If embedded procurement is the method of acquisition, then a more expedient use of the chert is to be expected (Andrefsky 1994; Morrow and Jeffries 1989). This result is indeed the case as the observations indicate. Informal artefacts are more prone to be fashioned from local till chert whereas Onondaga and Kettle Point are more often cycled into formal artefacts. Additional support for this hypothesis is the fact that there is higher use of local till chert in the locations where embedded procurement is expected to occur: specifically, the agricultural cabin sites.

Chapter 8: Conclusions and Questions This thesis has demonstrated a changing pattern of chert acquisition through time that starts with a pattern of direct procurement during Glen Meyer times and evolves rather rapidly at the EOI to MOI transition into one of down-the-line exchange with lineage control of the trade routes. The following summary will proceed by a brief description of each acquisition pattern and then proceed to a set of questions as to some of the meanings of the changes and the patterns.

As has been shown, the pattern of chert acquisition during the EOI is best explained by direct procurement through embedded procurement where the acquisition occurs not by a specially planned trip to obtain chert but through procurement embedded in other subsistence activities (Binford 1979). The nature of the distance decay is best explained by direct procurement where the only factor influencing acquisition is distance.

In addition, the fact that there does not seem to be any differential treatment of any of the chert sources indicates that the procurement was embedded in the execution of other subsistence activities. Williamson=s (1985) description of the broader Glen Meyer settlement pattern within the Caradoc cluster indicates the existence of permanent villages as well as specialized sites where resource acquisition such as deer hunting or nut gathering occurred. The people used the village site as a base camp and the special function sites as a field camp in the sense used by Binford (1980) in his description of site usage by a collector form of organization. Such a pattern is also evident at the Calvert site where Timmins (1997) infers that the site was used as a permanent base camp at one period and as a centre for deer hunting during another occupation.

The implications of direct embedded procurement here provide another aspect to this picture. First, they indicate greater mobility or at least a wider ranging movement of Glen Meyer people than might have been assumed by archaeological focus on specific site clusters. Clearly, people are getting to Kettle Point and the north shore of Lake Erie on a regular basis in their seasonal round. This conclusion is further emphasized by the fact that the Glen Meyer people had the best access of any Iroquoian people in the area to high quality chert. Exactly what they were doing along the lake shores on a regular basis is not a question that can be answered with the data here, but fishing seems a reasonable possibility. Certainly the Glen Meyer occupation of the Reid site (Wright 1978) along Lake Erie was used for fishing.
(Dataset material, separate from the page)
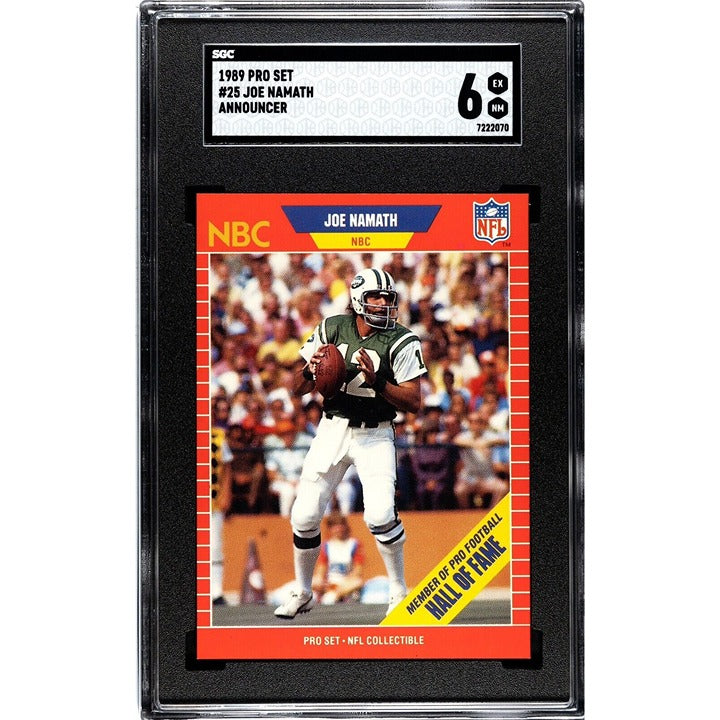 1989 Joe Namath Pro Set NFL New York Jets collectible card HOF SGC 6 grade
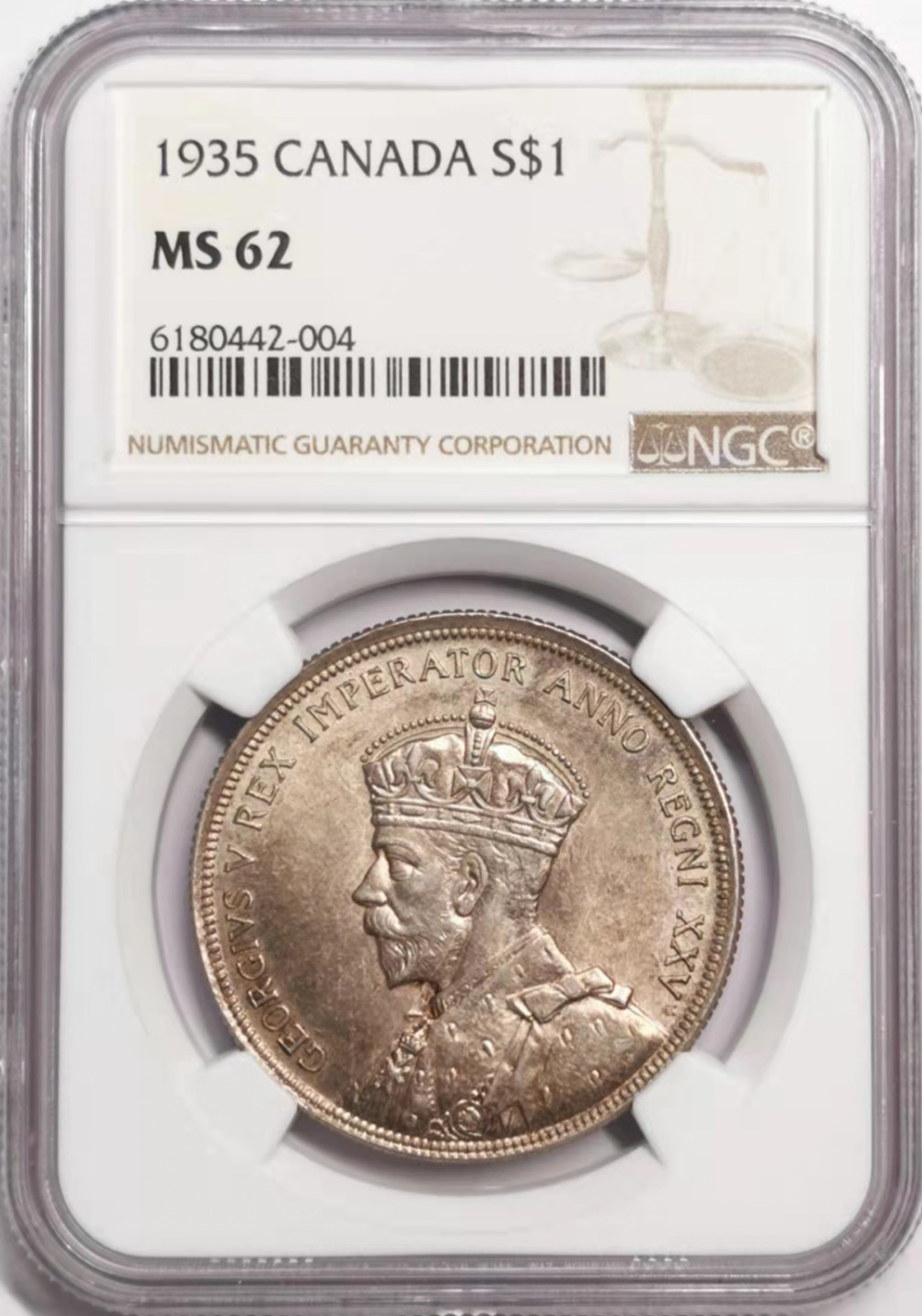 凡希社世界钱币微拍第一百七十九期 1935加拿大乔五壹圆NGC-MS62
There is a heavy exploitation of fish resources during the Middle Woodland period (Prowse 2003) and the continued use of fish during the Late Woodland period in the area (Fox 1976: 169-172, 175). This focus on a broader range of resources and the need to exploit these from a broader range of localities is evident in the Caradoc Sand Plain (Williamson 1985). Also Spence (1994) notes some mobility in the mortuary programme within the Norfolk Sand Plain where primary burials at or around the inland villages were removed for secondary burial along the lake shore. It could well be that well defined and enforced territorialism does not emerge until the MOI with the greater emphasis on corn agriculture and that during the EOI the social movement and consequently interaction was more akin to earlier time periods than the later. Whether this free-ranging applies to all Glen Meyer people or just within the study area can not be addressed by the data presented here. While potentially intriguing, interaction between the Glen Meyer occupants of the study area and those of the Norfolk Sand Plain or Catfish Creek (Poulton 1985b) must await further research.

The other implication that this situation raises is the issue of group territoriality.